J’ai supplié Sir Charles de ne pas se laisser persuader d’entrer dans leurs vues, si elle continue de marquer de l’aversion pour un changement d’état. Il m’a dit qu’il avoit évité de s’expliquer, & qu’il garderoit la même conduite, jusqu’à ce qu’ils fussent établis & que Clémentine parût un peu composée ; qu’il verroit alors ce qui seroit convenable aux circonstances, mais que dans l’intervalle, les argumens de part & d’autre étoient moins propres à lever les difficultés qu’à les fortifier.

Le Prélat s’est fort attendri, en lui racontant l’effet que les premieres nouvelles de la fuite de Clémentine avoient produit sur sa Mere. Pendant deux jours, cette pauvre Dame n’avoit pas eu l’esprit dans une meilleure assiette que sa Fille ; & lorsqu’on eut vérifié que Clémentine étoit partie pour l’Angleterre, elle insista si fortement à la suivre, que pour modérer cette impétuosité, il fallut lui promettre que la visite qu’on se proposoit de faire à Sir Charles, seroit avancée. Son impatience ne la quitta point, mais elle se trouva un peu mieux, après cette promesse : c’est ce qui a déterminé la Famille à partir en plein hiver ; & c’est aussi par un mouvement de compassion pour cette malheureuse Mere, que Madame Bémont a consenti à les accompagner.

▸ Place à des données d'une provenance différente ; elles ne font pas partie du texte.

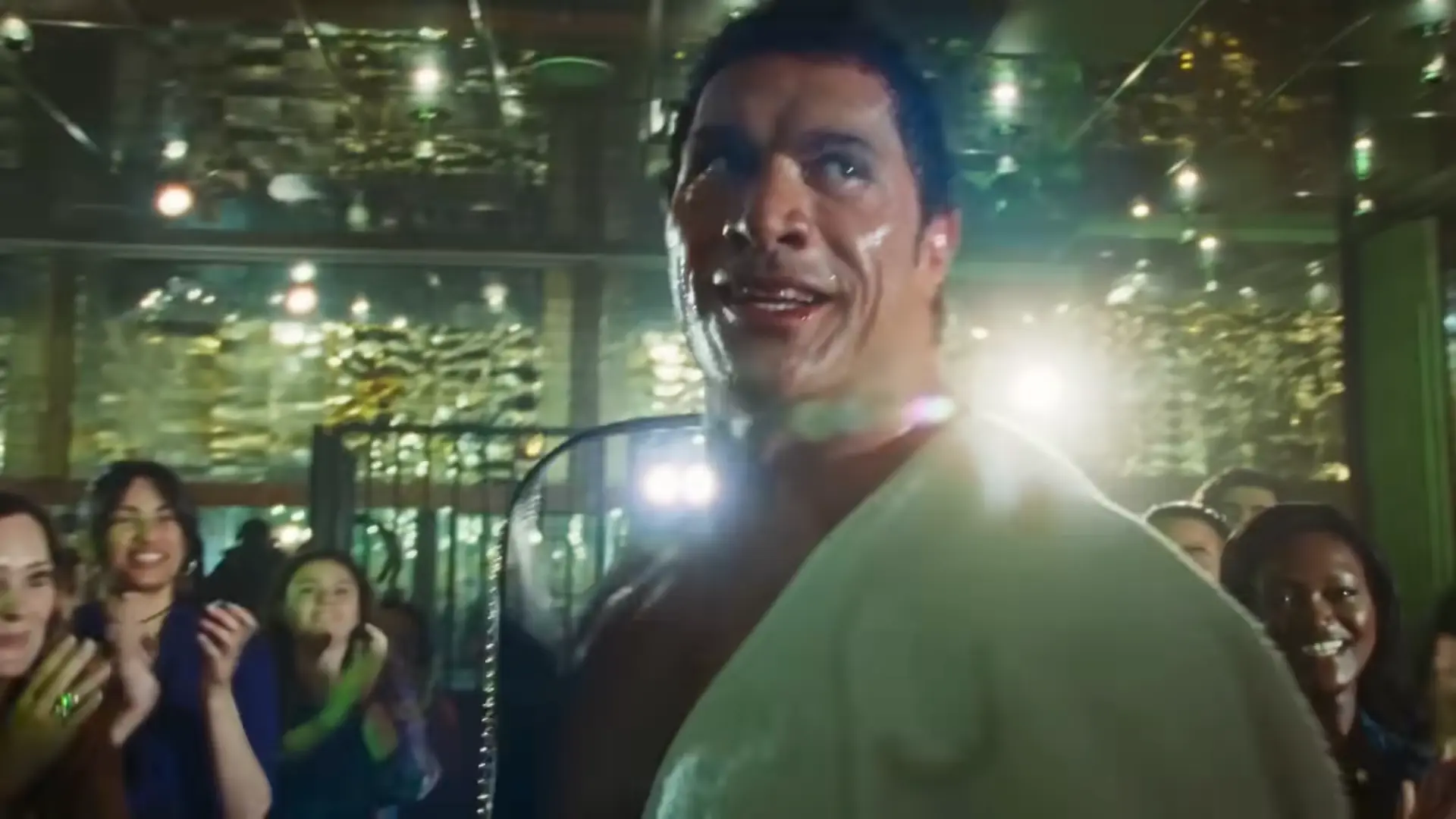 映画『スマッシング・マシーン』で主人公マーク・ケアーを演じるドウェイン・ジョンソン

Sir Charles est allé porter à Clémentine de nouveaux motifs d’espérance & de consolation. Il doit passer, de-là, chez le Comte de Belvedere, pour le féliciter de son arrivée, & se rendre ensuite à Grosvenor Square, où il saura de la noble Famille, quand il me sera permis d’y paroître.

Dimanche, à 2 heures.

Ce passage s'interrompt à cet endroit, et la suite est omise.